Bioengineering Professor Receives Grant to Develop Pump for Congenital Heart Condition
Sept. 29, 2020

Dr. Giridharan Guruprasad
Dr. Guruprasad Giridharan, Professor and Associate Chair of Bioengineering, has received a second R01 grant award titled Cavopulmonary Assist to Reverse the Fontan. Dr. Giridharan is University of Louisville’s principal investigator in this multi-institutional grant award. The total award amount is ~$ 8.9 M over four years.
For more than a decade, Giridharan, one of the first faculty hired for Bioengineering in 2007, has been working on the development of a pump that aids patients with a congenital heart defect. He began his collaboration with pediatric cardiothoracic surgeon, Dr. Mark Rodefeld of Indiana University, a pioneer in the field, in 2008, which has resulted in this award. This grant draws on the expertise not only of engineers from University of Louisville but also experts from five other institutions: Indiana University, Clemson, Stanford, Texas A&M and OHSU (Oregon Health and Science University).
The blood pump in development is designed for patients born with a congenital condition where they are born with a single heart ventricle instead of two. Giridharan said this is the fifth most common structural heart defect. Patients with the defect have to undergo three open heart procedures before the age of three to convert them to what is called a Fontan circulation. The patient’s single ventricle drives the flow throughout the body and through the lungs, with just one ventricle now doing the work of both ventricles. The problem with Fontan circulation is that the single ventricle has to take the additional load, which eventually leads to failure for a lot of patients, explained Giridharan.
“When you think of heart failure, you think of a heart unable to squeeze blood out, but here the ventricle is unable to fill adequately with blood because there is no right ventricle,” he said. “The mechanism of failure is very different; it’s more of a filling problem, so it requires a new pump design, one that can handle two inlets and two outlets simultaneously.”
It is estimated there are about 30,000 people in the US with Fontan circulation alive today, according to Giridharan. They survive an average of 30 years before the ventricle starts failing. “For many patients, it’s a matter of when their heart will fail, not if, and there is no cure,” he said. What the unique pump will do is act as a booster pump to help fill the ventricle. “Over seventy percent of patients with failing Fontan have a ‘filling’ problem, and this pump will serve them,” said Giridharan. “For the other 25-30 percent of patients whose heart cannot eject, there are support options already in the market,” said Giridharan.
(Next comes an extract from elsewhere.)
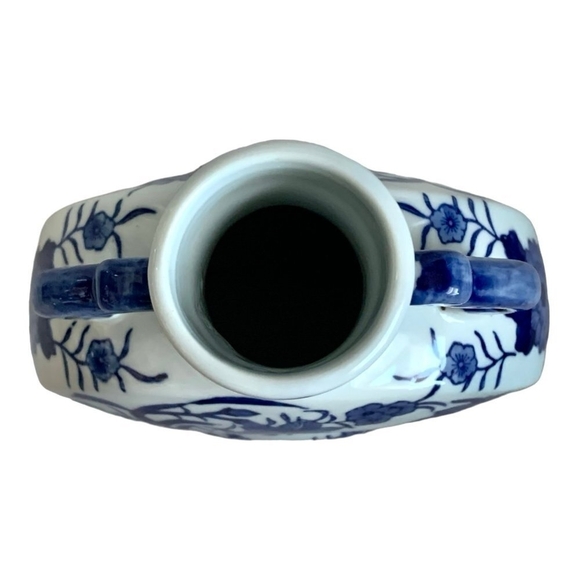 Rare Vintage Blue & White Floral Profile China Vase Two Handled Porcelain Vase - Picture 4 of 5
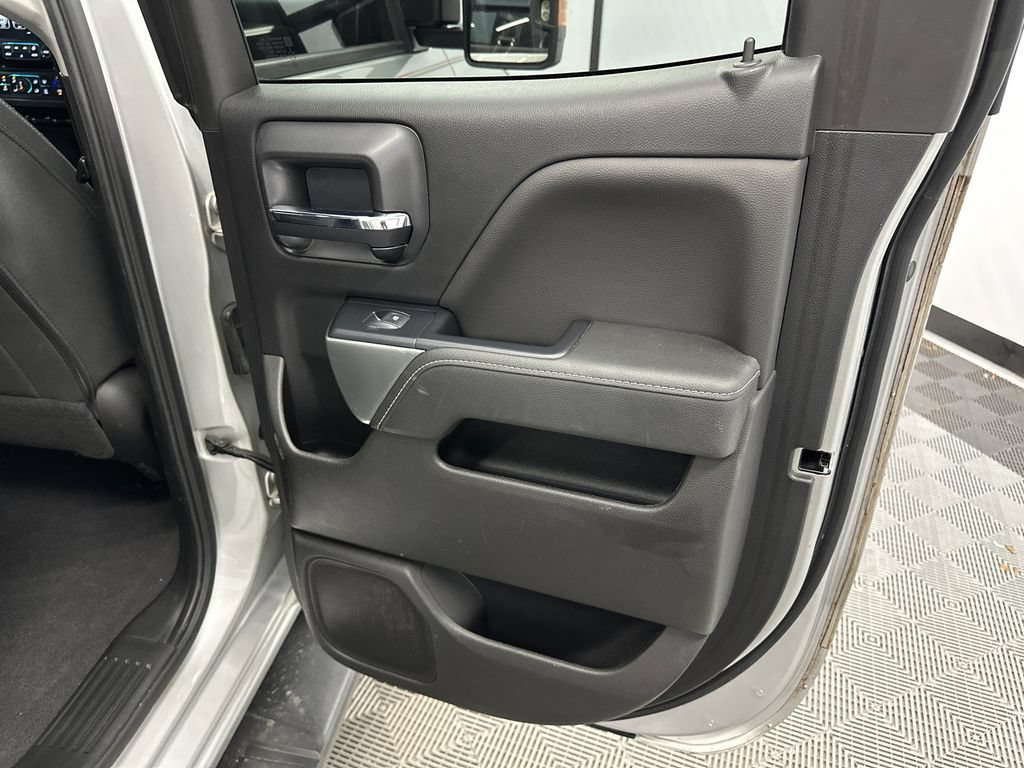 Used 2019 Chevrolet Silverado 2500 LT w/ LT Convenience Package AWD/4WD image 16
The bioengineer emphasized that the whole project would not be possible without all the collaborators and expertise from UofL and other universities. “They all have an integral part. It’s a team effort,” he said.
The $2.1 million UofL subcontract portion of the grant will be used to support the development and testing activities of the Fontan pump by Dr. Giridharan and his UofL collaborators – Dr. Steven Koenig and Dr. Ayman El-Baz from Speed School, and Dr. Karen Powell from UofL Comparative Medical Research Unit.
The goal of the project is to generate adequate data in four years to submit to the Food and Drug Administration (FDA) for approval. “Before the device can be clinically implanted, we need to demonstrate safety and efficacy,” said Giridharan. “Once we have safety and efficacy data, we are targeting the humanitarian device exemption, which is a type of FDA approval needed to implant in patients,” he said. “It’s a unique pump designed for a unique application for a population that is highly underserved.”